An article has the same basic function as an adjective in that it is used to describe a noun. There are two different articles in the English language: the and a/an. The is used to describe a specific noun, whereas a/an is used to describe a more general noun. For this reason, the is also referred to as a definite article, and a/an is referred to as an indefinite article.

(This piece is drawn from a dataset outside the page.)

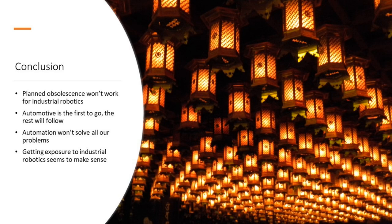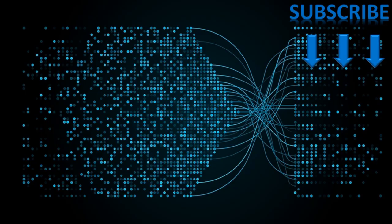To conclude, when we look at industrial robotics, planned obsolescence isn't going to work. Companies that build quality products will survive and thrive — and the Japanese and Swiss do a great job manufacturing quality products. Automotive is the first to go and the rest will follow. We would expect a good chunk of global manufacturing to have industrial robotics enabled as companies demonstrate efficiencies for shareholders, though automation won't solve all our problems as Toyota has shown us. Getting exposure to industrial robotics seems to make sense.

The names of geographical places are specific nouns and, therefore, may
require definite articles. Do use “the” before the following specific nouns:
• Names of rivers, oceans, and seas
the Mississippi River, the Navesink River
the Atlantic Ocean, the Dead Sea
• Geographical areas
the Mediterranean, the Northern Hemisphere, the South
• Deserts, forests, gulfs, and peninsulas
the Gobi Desert, the Amazon
the Gulf of Mexico, the Baja Peninsula
• Groups of lakes, mountain ranges, and chains of islands
the Great Lakes, the Andes, the Rocky Mountains
the Canary Islands, the Virgin Islands, the Bahamas

However, no article is necessary before the following specific nouns:
• Singular names of countries or territories
Canada, Spain, Mexico, Puerto Rico
• Names of cities, towns or states
New York City, West Long Branch, New Jersey

This is a great example of many people knowing what 'sounds' right but really not knowing the rule itself.

If I say to someone I'm going to The Duluth to see one of Great Lakes is sounds hideous but they may not know exactly why.

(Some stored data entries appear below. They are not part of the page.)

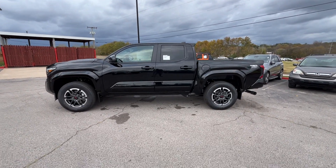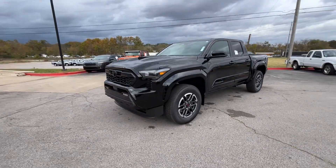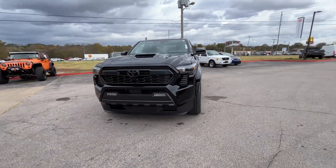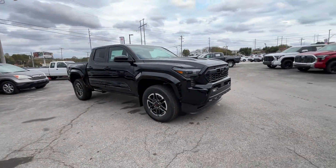2024 Toyota Tacoma 4-Wheel Drive. This pickup truck offers two full rows of seating for premium comfort. It checks off in-demand features which offer more convenience,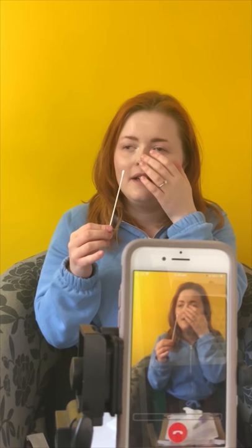And then put it up your nose. Put it about 2.5 centimetres — pretty much just till you feel a little pinch, until you feel the resistance. And then just rotate it around for 10 to 15 seconds. About there? Yeah. Perfect.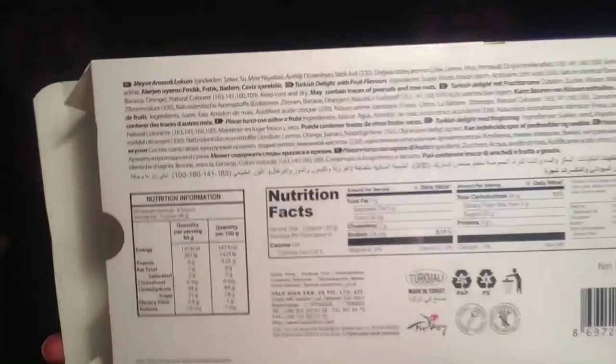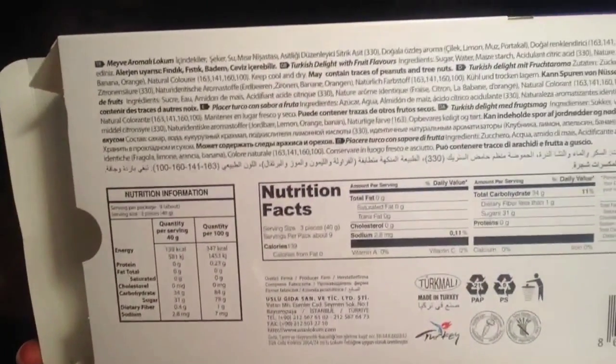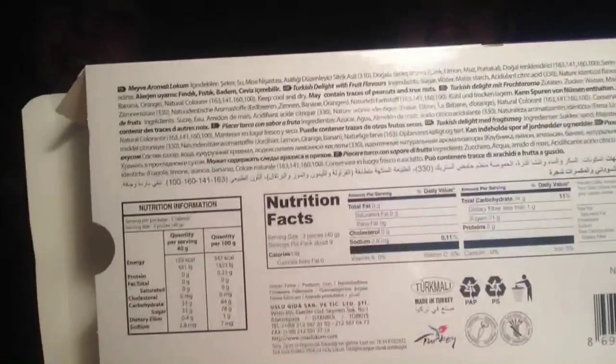Oh, it worked — you have magic skills! Look, that's what it says. Flip it around so they can see the picture of what they said they look like.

Now back the The Quetico (and the BWCA) - it really appears these are exceptions to the rule. It is the proper name of a park. We don't say I'm going to The Yellowstone or The Split Rock Lighthouse State Park (although I think most people would say "The Split Rock Lighthouse" if they were just referring to the structure and not the park - which also appears to be breaking the rules here)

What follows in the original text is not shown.